Results 1 to 29 of 29

Thread: The Sordid Tale of Candace Mossler

  1. #1
    Taggerez Guest

    The Sordid Tale of Candace Mossler

    Jacques Mossler was the head of a $33 million banking, loan and insurance empire with companies all over the country. He had gone to work at an early age to support his mother after his father died. He progressed from car mechanic to car salesman on to used-car dealer to new-car dealer to car financing.

    In 1947, while divorcing by first wife, Mossler met Candace Weatherby Johnson, a busty and attractive 33-year old former model and mother of two from Georgia who was also getting a divorce. Mossler and Candy married the next year, moved to Houston in 1950 and made their home in a mansion in the top line River Oaks neighborhood.

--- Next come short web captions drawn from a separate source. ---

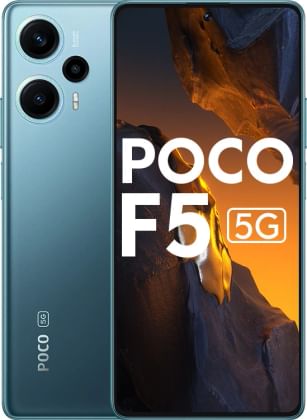 Poco F5 5G debuts in the Indian market - Smartprix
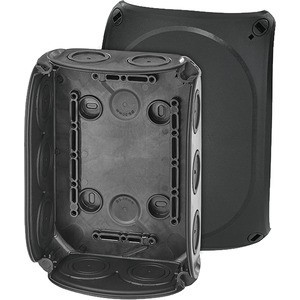 Hensel Kabelabzweigkasten bis 10 qmm 3phasig DK 1000 B - 62000301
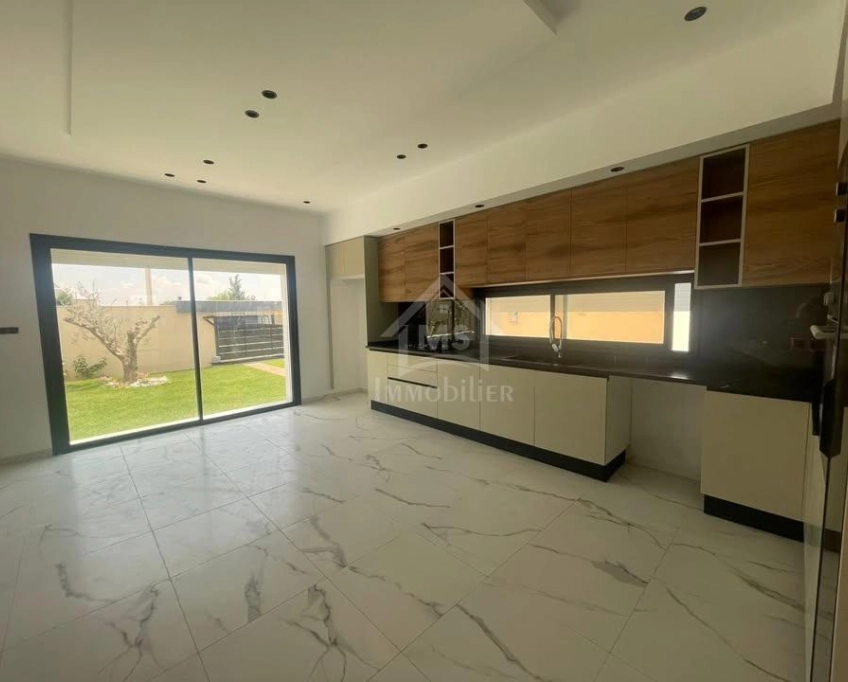 Villa toute neuve avec piscine et jardin à hammamet sud 51355351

Candace Mossler quickly became a key figure in Houston high society, earning a reputation as a charming hostess, entertaining visiting celebrities and taking active part in civic, cultural and charitable causes.

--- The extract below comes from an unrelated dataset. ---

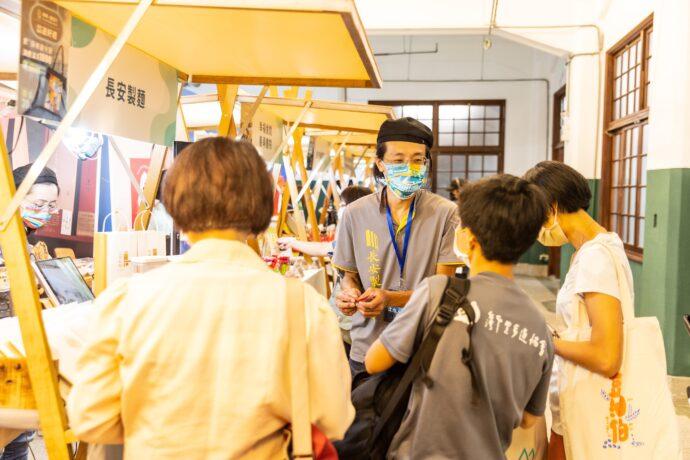 屏東觀光圈市集快閃松山文創園區 一起「屏東。聽旅行」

    In 1961, Candy Mossler took in Melvin Lane Powers, the son of her older sister, Elizabeth Weatherby Powers. Melvin was a brawny 20-year old who had blown in from Pontiac, Michigan where he had fallen in with a group of swindlers and had spent 90 days in jail for fraud. He was still on probation when he showed up in Houston directed by his mother, who hoped Candy’s wealth would help set her son straight. Candy talked Jacques into giving her nephew a job at one of Mossler’s financial firms and letting him live with the family.

    In 1962 Jacques Mossler suffered a respiratory infection and traveled alone to Europe for treatment. He also began spending more time on Key Biscayne for the healthy ocean air. Back in Houston, Candy began to develop a very close relationship with her nephew. Before long, the pair crossed the line and became lovers. Candy and Mel’s relationship became an open secret around the house. Jacques learned of his wife’s incestuous affair after he was tipped off by a servant. This prompted him to read Candy’s diary which confirmed the charges.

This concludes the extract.